La construction du Colisée

C’est en 29 av. J.-C. seulement que Rome se dota de son premier amphithéâtre en dur, soit bien plus tard que la plupart des provinces, peut-être en raison d’une méfiance envers tous les grands lieux de rassemblement, susceptibles de devenir des foyers d’agitation. Construit par Statilius Taurus, général et homme politique romain, il est la marque de l’optimisme politique d’Auguste, tranchant sur la vie politique particulièrement agitée des derniers temps de la République romaine. Mais c’est un édifice de dimensions modestes et partiellement construit en bois, pour l’arène et les gradins, ce qui explique qu’il fut complètement détruit lors du grand incendie de 64 apr. J.-C., sous Néron. À la mort de Néron en 68, Rome sombre une nouvelle fois dans la guerre civile.
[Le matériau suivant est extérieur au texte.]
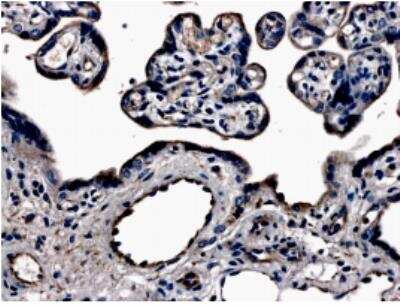 Immunohistochemistry-Paraffin: VEGFR3/Flt-4 Antibody (MM0003-7G63) - Azide and BSA Free [NB110-60968]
Vespasien rétablit la paix civile, stabilise les frontières, met en place des réformes fiscales et multiplie les constructions publiques à Rome. La construction du Colisée, qui est destiné à remplacer l’amphithéâtre de Statilius Taurus, est un des éléments de la politique de Vespasien. Ce dernier est pourtant économe des deniers de l’État, mais ce chantier gigantesque est aussi un bon moyen de fournir du travail à un grand nombre de personnes que les événements récents ont laissé sur le carreau et d’éviter ainsi d’éventuels troubles sociaux. Reste la question du financement. Mais au moment où Vespasien se retrouvait à la tête de l’Empire, son fils Titus écrasait la révolte juive. Le temple de Jérusalem a été détruit et son trésor, emporté à Rome, aurait servi à financer la construction du Colisée.

L’amphithéâtre fut construit sur l’emplacement du lac artificiel de la Domus aurea, l'immense palais construit par Néron après l’incendie de 64. Alors que la plupart des autres amphithéâtres étaient construits à la périphérie des villes, le Colisée, le plus grand et le plus bel amphithéâtre de tout l’Empire, était au cœur de Rome et il en devenait le symbole. À la mort de Vespasien en 79, le troisième niveau était terminé, le quatrième fut inauguré par son fils Titus en 80, mais le chantier fut achevé sous son successeur Domitien, après douze années de travaux.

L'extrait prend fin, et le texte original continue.